December 16, 1904 Friday

December 16 Friday – Sam wrote to Andrew M. Clute, NY attorney, requesting that the canceled contracts for the sale of the Tarrytown house be returned to William Evarts Benjamin, Sam’s friend and attorney who had handled the sale. This letter is not extant but referred to in the following from Clute:

December 12, 1904 Monday

December 12 Monday – Hal W. Greer, attorney in Beaumont, Texas, wrote to Sam, thanking him for “The $30,000 Bequest” in Harper’s Weekly, Christmas edition [MTP].

I.M. Horsfall wrote from London to Sam, having just read his article Joan of Arc in the Dec.Harper’s.
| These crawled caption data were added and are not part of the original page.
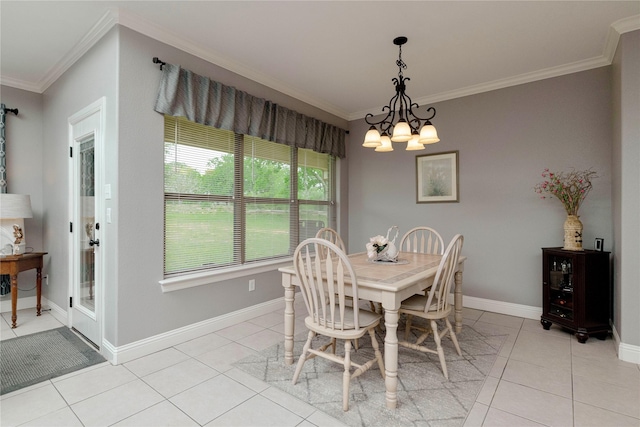 140 Pine Rd, Poolville, TX 76487 - dining area featuring ornamental molding, a chandelier, light tile patterned flooring, and baseboards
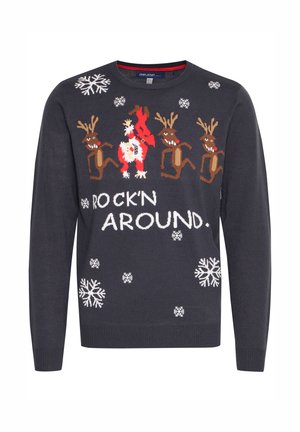 Mörkgrå stickad tröja med röda och bruna renar, snöflingor och texten "ROCK’N AROUND." Texturerad yta med festlig design.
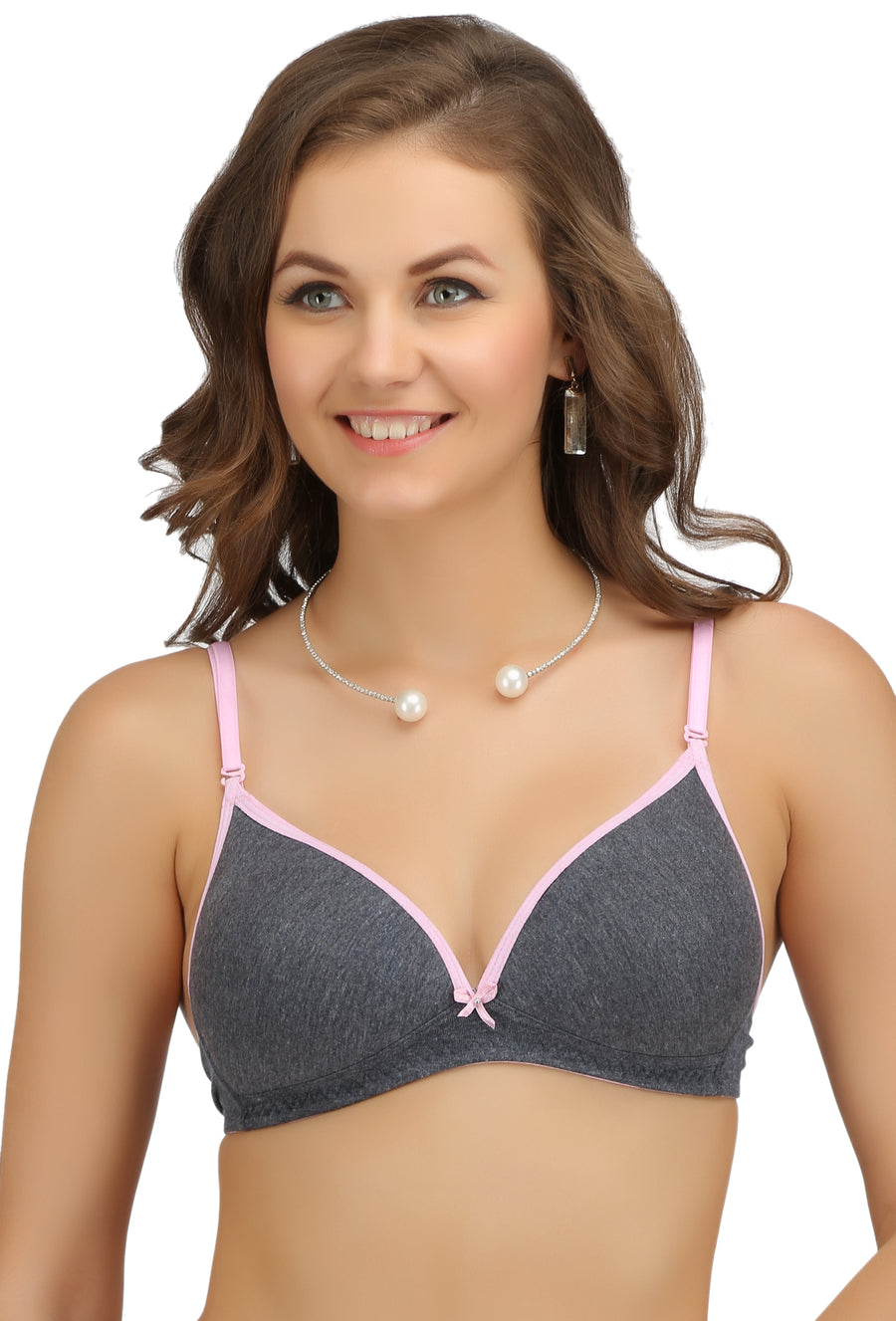 Sona Women Bra, SONAEBUY, Lightly padded Bra, Padded Bra, SA-34, Black Grey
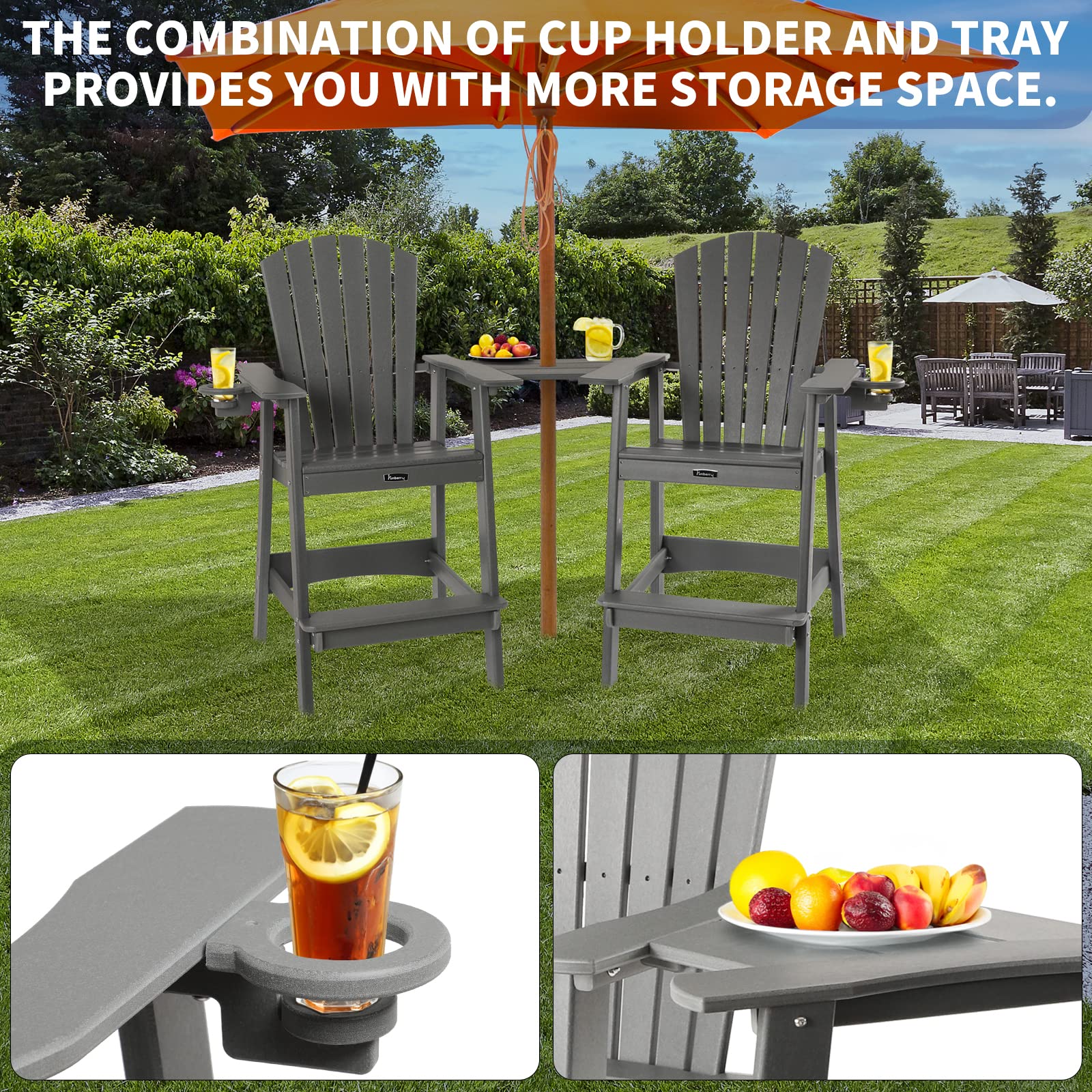 FUNBERRY 2-Piece Tall Adirondack Chair Set with Connecting Tray & Cup Holders - High Top Resin Outdoor Bar Stools, Durable High Back Balcony Chairs - Perfect for Poolside, Patio, Beach & Backyard Relaxation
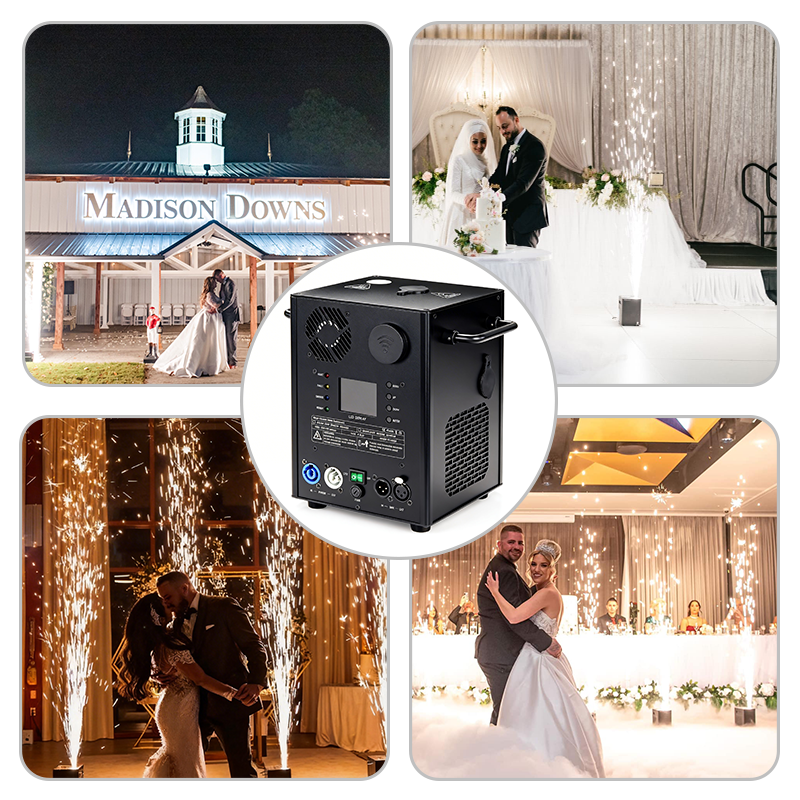 Igracelite 500W DMX512 & Wireless Remote Control Cold Spark Machine, 3 Motors Separation Drive with Auto Cleaning, 1-5m Fountain Height (5 Gears DMX / 3 Gears Remote) for Wedding Party Disco Show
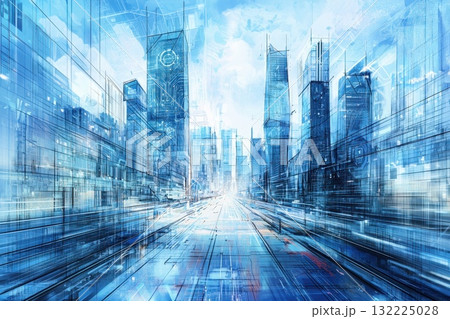 Futuristic Cityscape with Skyscrapers Highlighting Modern Architecture in a Vibrant Blue Palette and Abstract Design Elements Reflecting Innovation and Urban Life 132225028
He enclosed a sonnet on Joan by his blind daughter [MTP].

December 11, 1904 Sunday

December 11 Sunday – William B. Throop wrote from Aurora, Ill. to Sam, asking where he might find the old story of a man who went to Washington to collect money due on a beef contract [MTP]. Note: Sam wrote “ ‘Roughing It,’ I think,” at the top.

December 10, 1904 Saturday

December 10 Saturday – At 21 Fifth Ave. in N.Y.C. Sam wrote to Robert Underwood Johnson, thanking him for being elected to the American Academy of Arts and Letters on Dec. 2. Johnson was the Secretary of the National Institute of Arts and Letters, which founded the Academy in emulation of the French Academy, and formed to “foster, assist, and sustain excellence” in American literature, music, and art [MTP].

December 9, 1904 Friday

December 9 Friday – On or after this day at 21 Fifth Ave. in N.Y.C. Sam replied to the Nov. 6 from A. Silk.

“Dear Sir: / I thank you for the library catalogue cutting for I have often wanted to know what that Diary is—and now find by the heading that it is philosophical or religious or both—and I am glad to know—“ [MTP]. Note: the “Diary” was “Extracts of Adam’s Diary.”

December 7, 1904 Wednesday

December 7 Wednesday – Isabel Lyon’s journal contains an entry for this date: “And then Mr. Thomas Bailey Aldrich came in to ask Mr. Clemens and Jean to go tonight to see a tragedy that he has recently written.” Note: The play was Judith of Bethulia, a Tragedy, which was his dramatization of an earlier poem, “Judith and Holofernes” (1896); Her Journal also contained: “This has been a day of events—for this morning Mr. [Finley Peter] Dunne came for a closeting with Mr. Clemens” [Gribben 16: 1903-1906 Diary, TS 31, MTP]. The New York Times, Dec.